Records shown:
========

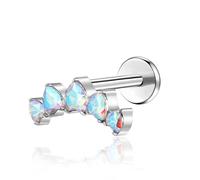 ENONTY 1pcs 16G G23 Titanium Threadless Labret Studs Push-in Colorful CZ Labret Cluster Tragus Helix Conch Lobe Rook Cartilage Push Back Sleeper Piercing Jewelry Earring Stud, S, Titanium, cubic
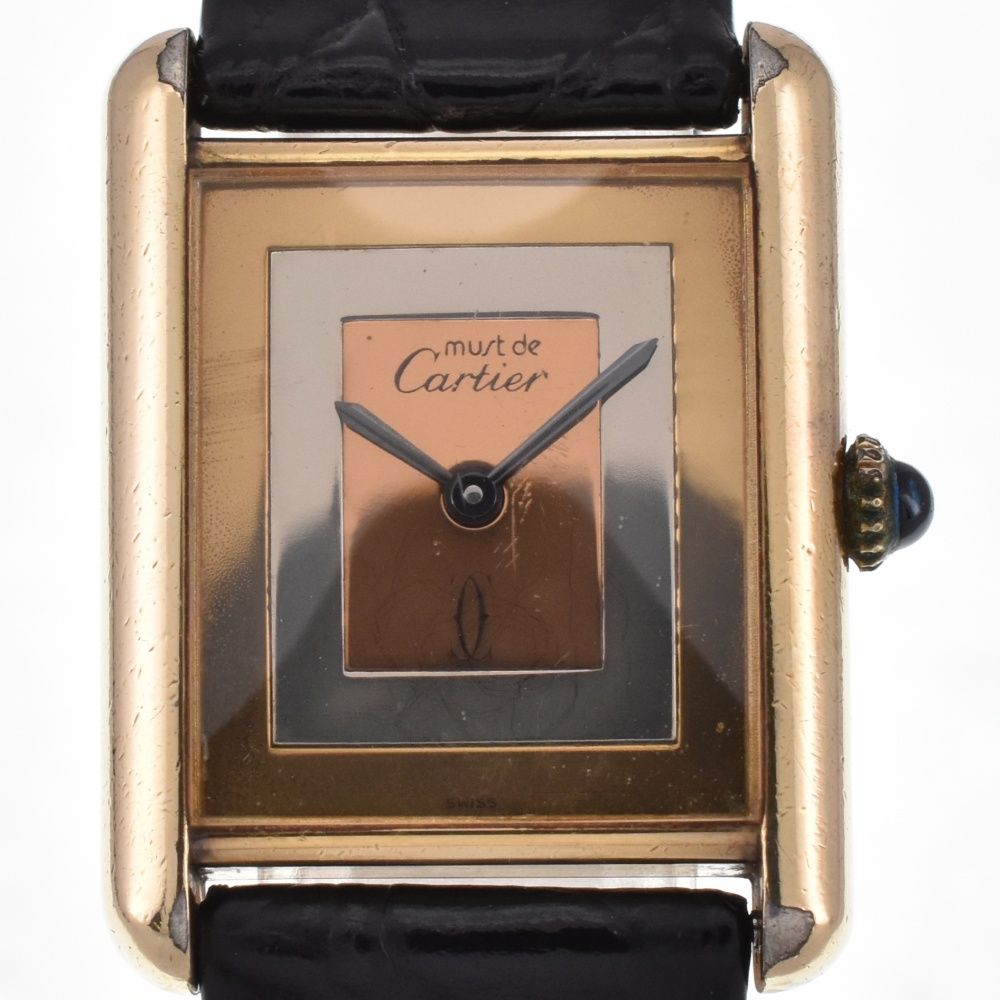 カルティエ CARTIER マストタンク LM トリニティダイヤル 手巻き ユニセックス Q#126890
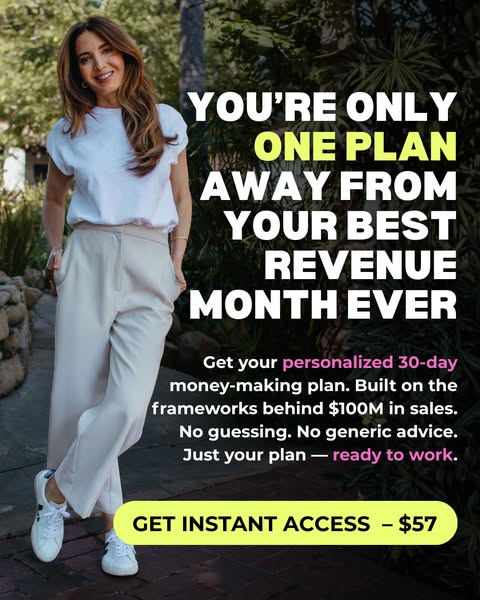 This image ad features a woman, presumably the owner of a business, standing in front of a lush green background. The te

========

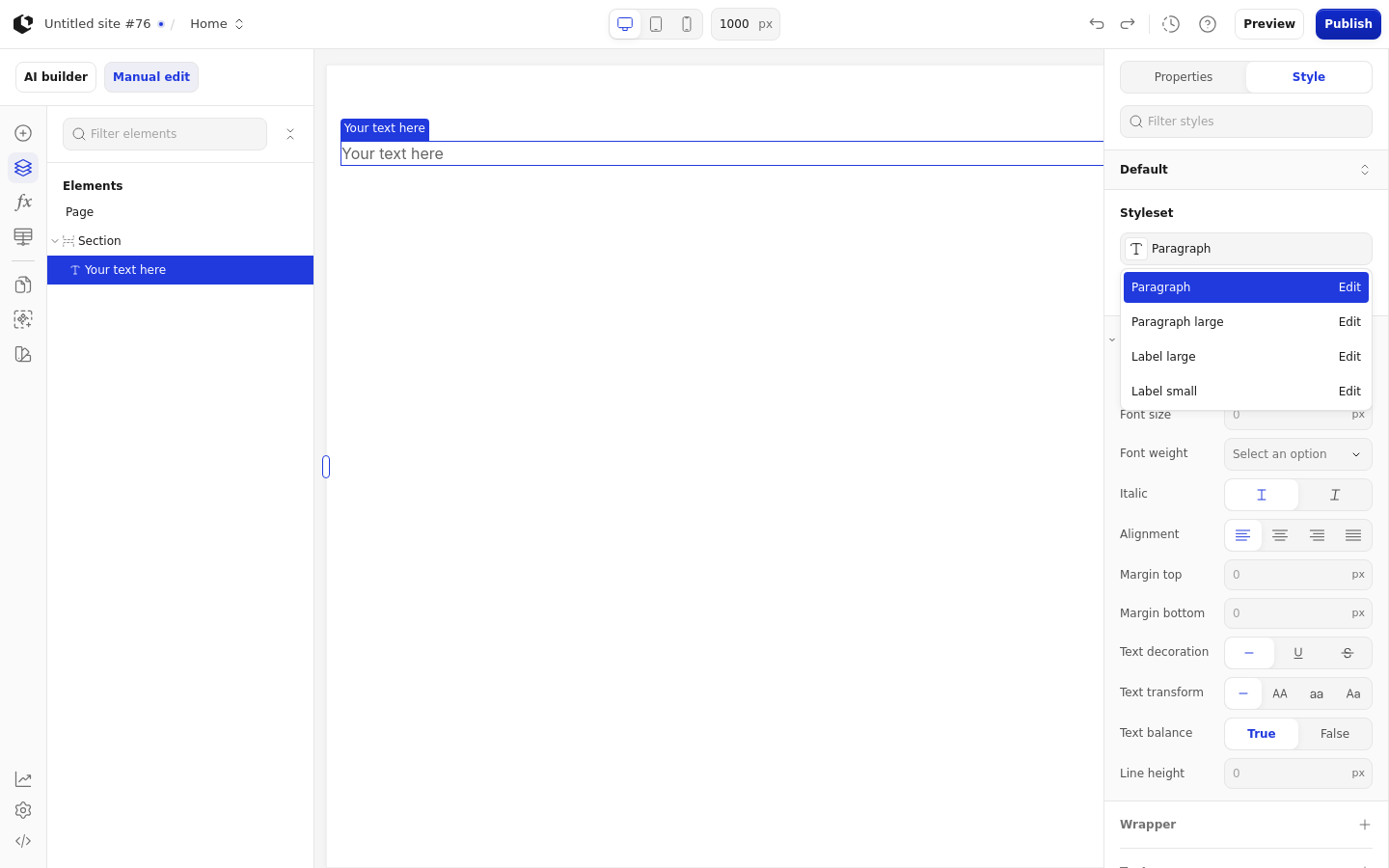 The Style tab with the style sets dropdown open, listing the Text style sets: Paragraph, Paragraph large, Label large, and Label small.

========

What is required:
When copying from the data above, begin at the line containing "カルティエ CARTIER マストタンク" and end at the line containing "This image ad"; return those lines exactly and leave all pictures behind.

Completed task:
 カルティエ CARTIER マストタンク LM トリニティダイヤル 手巻き ユニセックス Q#126890
 This image ad features a woman, presumably the owner of a business, standing in front of a lush green background. The te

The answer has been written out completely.